Nous, acteurs de la société civile tunisienne signataires de ce communiqué, réunis le 16 septembre 2015 à Tunis, avons pris connaissance du projet d`accord de libre-échange complet et approfondi (ALECA) proposé par l`Union Européenne (UE) à ses voisins du Sud de la Méditerranée. Nous constatons que ce projet, qui sera discuté avec le gouvernement à partir du mois d`octobre 2015, arrive à un moment où la Tunisie (gouvernement et société civile) n`a pas encore défini une vision partagée de son développement national et n`a pas déterminé ses objectifs stratégiques.
Consultés à la hâte par l`UE, en juin 2015, nous avons demandé un moratoire. Aujourd`hui, nous avons décidé de partager nos inquiétudes et appréhensions. Nous mettons en exergue l`importance des enjeux à venir aussi bien pour l`Europe que pour la Tunisie. Nous exposons également les nombreux défis à relever. Et enfin, nous proposons au gouvernement tunisien et aux parlementaires européens une série de recommandations en vue d`aboutir à un processus constructif.
Nous craignons que ce partenariat Nord - Sud soit établi sur des bases injustes et non durables et qu`il reproduise la même logique et les mêmes impacts de l`ancien accord de libre-échange de 1996. En effet, il est important aujourd`hui que la Tunisie tire des leçons des politiques adoptées sur les quatre dernières décennies ainsi que des politiques de partenariat antérieures.
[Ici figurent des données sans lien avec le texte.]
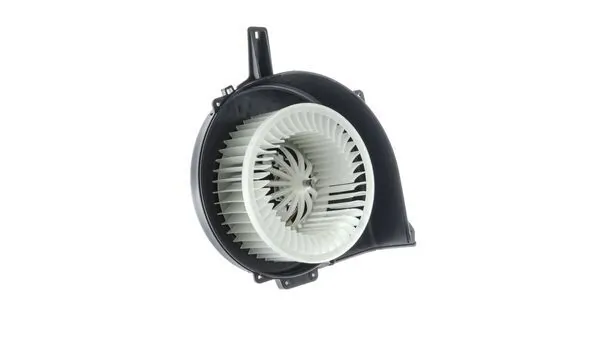 Купить AB19000P Mahle Original Электродвигатели (электродвигатель отопителя) или розетка прицепа штепсельная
Faute de vision et d`une négociation pertinente du projet d`ALECA, la Tunisie risquerait de faire des choix inadaptés qui :
- privilégieraient les échanges purement commerciaux (marché potentiel pour les entreprises européennes) au détriment du transfert de technologie, de la recherche scientifique, des nouveaux métiers, de la bio-économie, etc.
- mettraient en difficultés les petites et moyennes entreprises peu préparées à un environnement intensément concurrentiel alors que les opérateurs européens ont, durant de longues années, été assistés par leurs gouvernements (ex. la politique agricole commune (PAC) et les politiques industrielles déclarées ou larvées).
- risqueraient, en adoptant une ouverture non contrôlées des marchés publics aux firmes européennes, de fragiliser de nombreux secteurs et de provoquer l`effondrement de pans entiers des tissus productifs provoquant un accroissement endémique du chômage (des centaines de milliers d`emplois dans le bâtiment et certains services sont menacés).
- déstabiliseraient considérablement le secteur agricole tunisien, pénalisé depuis de longues décennies par des blocages de prix, par un manque de valorisation notoire, par des problèmes fonciers et d`endettement endémiques, par un isolement et un manque d`infrastructure flagrants.
- n’entraîneraient que des flux d`investissements directs étrangers intéressés uniquement par le faible coût salarial de la main d`œuvre dans des activités non créatrices de richesses, alors que nos besoins sont dans les activités à forte faible valeur ajoutée et complexité technologique.
- accroîtraient les déficits budgétaire et extérieurs ce qui limiterait les réformes structurelles (réforme de l`Administration, des systèmes éducatif et sanitaire, fiscalité, du système d`appui social, etc.) et les transferts sociaux et entraînerait en conséquence la montée de la contestation sociale et alimenterait certains fléaux tels les extrémismes, l'informalité et même l`émigration clandestine.
- dépouilleraient l`Etat tunisien de tout pouvoir de régulation économique tant au niveau des aides aux entreprises, qui entreraient sous le coup des distorsions économiques de l`interventionnisme qu`au niveau des politiques sociales qui entreraient sous le coup du dumping social.
En outre, et afin d`inverser les tendances actuelles des relations économiques entre la Tunisie et l`UE, strictement commerciales, en faveur d`une approche de développement durable et d`inclusion sociale et régionale, il nous importe de rappeler que l`Europe, fortement liée socialement et économiquement à ses voisins, ne peut se développer en laissant à la traine les pays du Sud.
Il est également judicieux de rappeler que, la Tunisie fort ancrée dans sa modernité ne peut évoluer qu`en adoptant un développement inclusif garant d`une réelle cohésion sociale. Aussi, considérons-nous qu`il nous urge au Nord comme au Sud d`agir ensemble pour un co-développement et non pas pour un rattrapage hypothétique.
Ainsi, en vue d`aboutir à des accords durables et justes, nous demandons expressément tant à notre gouvernement qu`à l`UE d`être impliqués de manière effective et non formelle :
- dans la concertation sur le projet d`ALECA,
- et dans un comité de pilotage destiné à superviser une étude d`impact de l`ALECA rigoureuse, transparente et objective précédée d`une évaluation des impacts socio-économiques de l`accord de la zone de libre-échange de 1996.